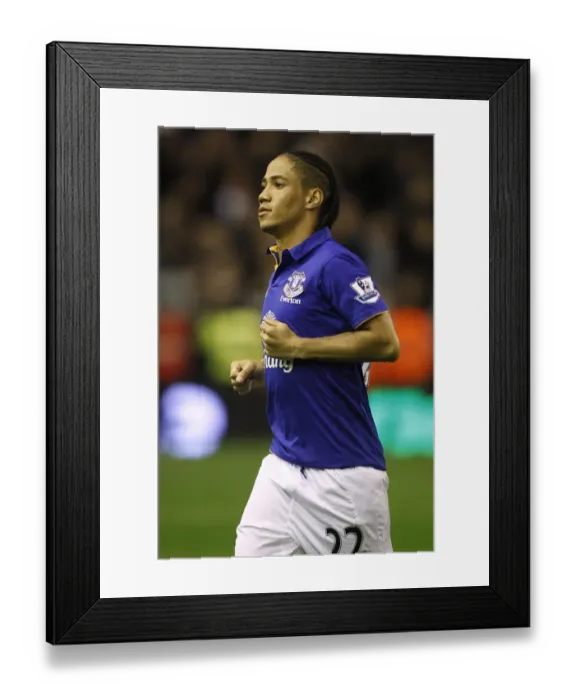 Framed Print : Steven Pienaar in Action: Everton vs. Liverpool, Barclays Premier League (13 March 2012, Anfield) Framed Print : Steven Pienaar in Action: Everton vs. Liverpool, Barclays Premier League (13 March 2012, Anfield)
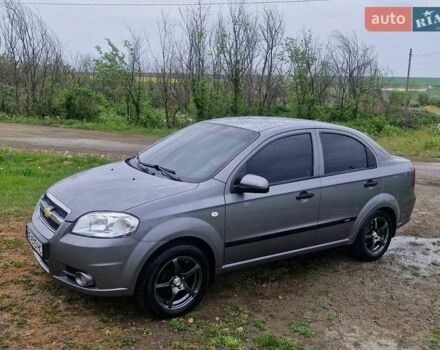 Серый Шевроле Авео, объемом двигателя 1.5 л и пробегом 125 тыс. км за 5600 $, фото 1 на Automoto.ua
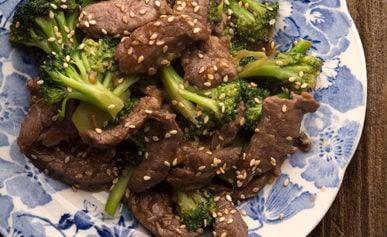 venison and broccoli on Chinese plate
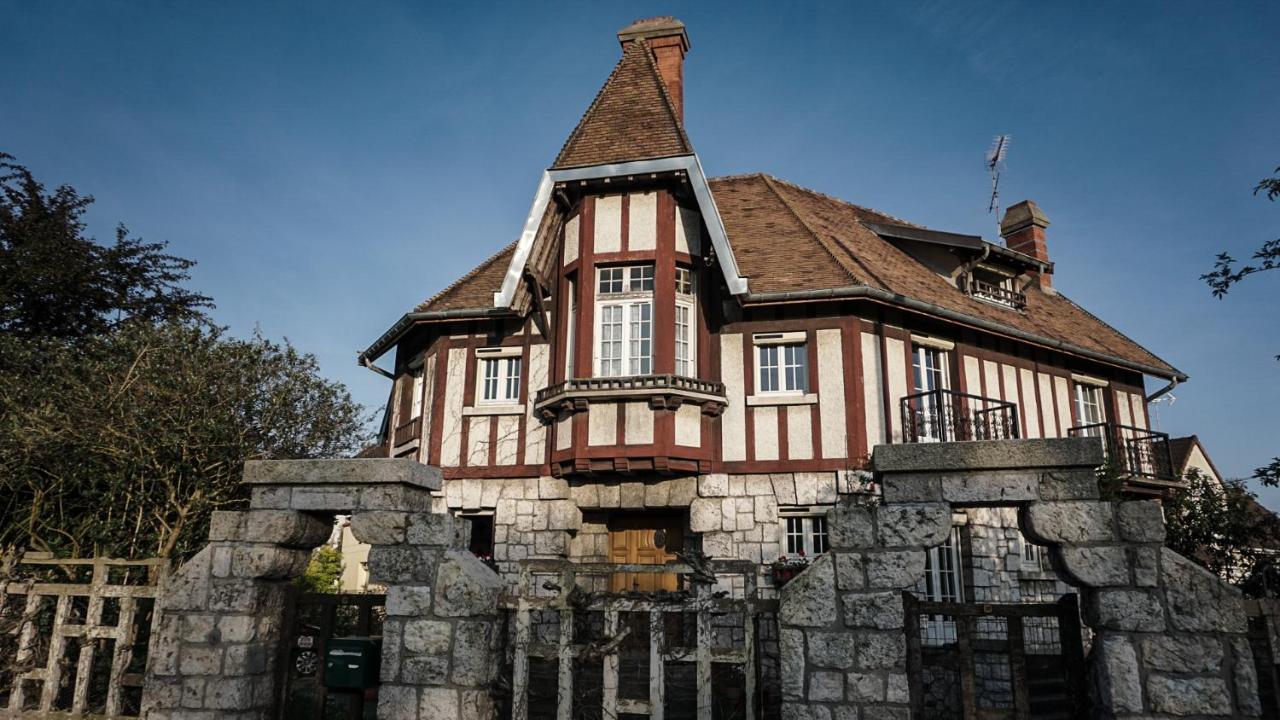 Apakabar Homestay - Proche Gare Melun, Parking Prive, Netflix La Rochette  Eksteriør bilde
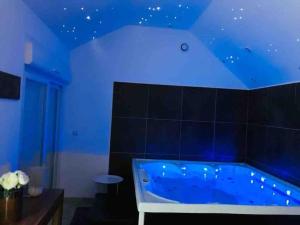 Maisons de vacances Maison de charme avec jacuzzi. : photos des chambres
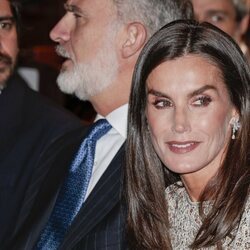 Primer plano de la Reina Letizia en los Premios Nacionales de Cultura 2022-2023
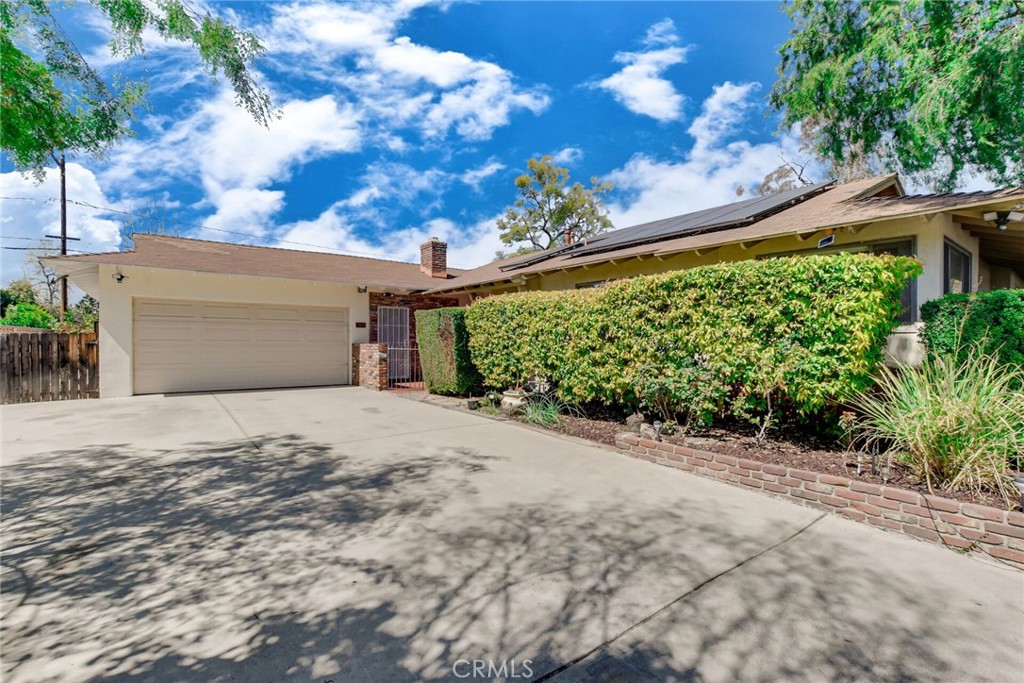 1015 Whitman Avenue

* * * * * * *

In copying the material, drop all pictures and keep everything else identical.

 Framed Print : Steven Pienaar in Action: Everton vs. Liverpool, Barclays Premier League (13 March 2012, Anfield) Framed Print : Steven Pienaar in Action: Everton vs. Liverpool, Barclays Premier League (13 March 2012, Anfield)
 Серый Шевроле Авео, объемом двигателя 1.5 л и пробегом 125 тыс. км за 5600 $, фото 1 на Automoto.ua
 venison and broccoli on Chinese plate
 Apakabar Homestay - Proche Gare Melun, Parking Prive, Netflix La Rochette  Eksteriør bilde
 Maisons de vacances Maison de charme avec jacuzzi. : photos des chambres
 Primer plano de la Reina Letizia en los Premios Nacionales de Cultura 2022-2023
 1015 Whitman Avenue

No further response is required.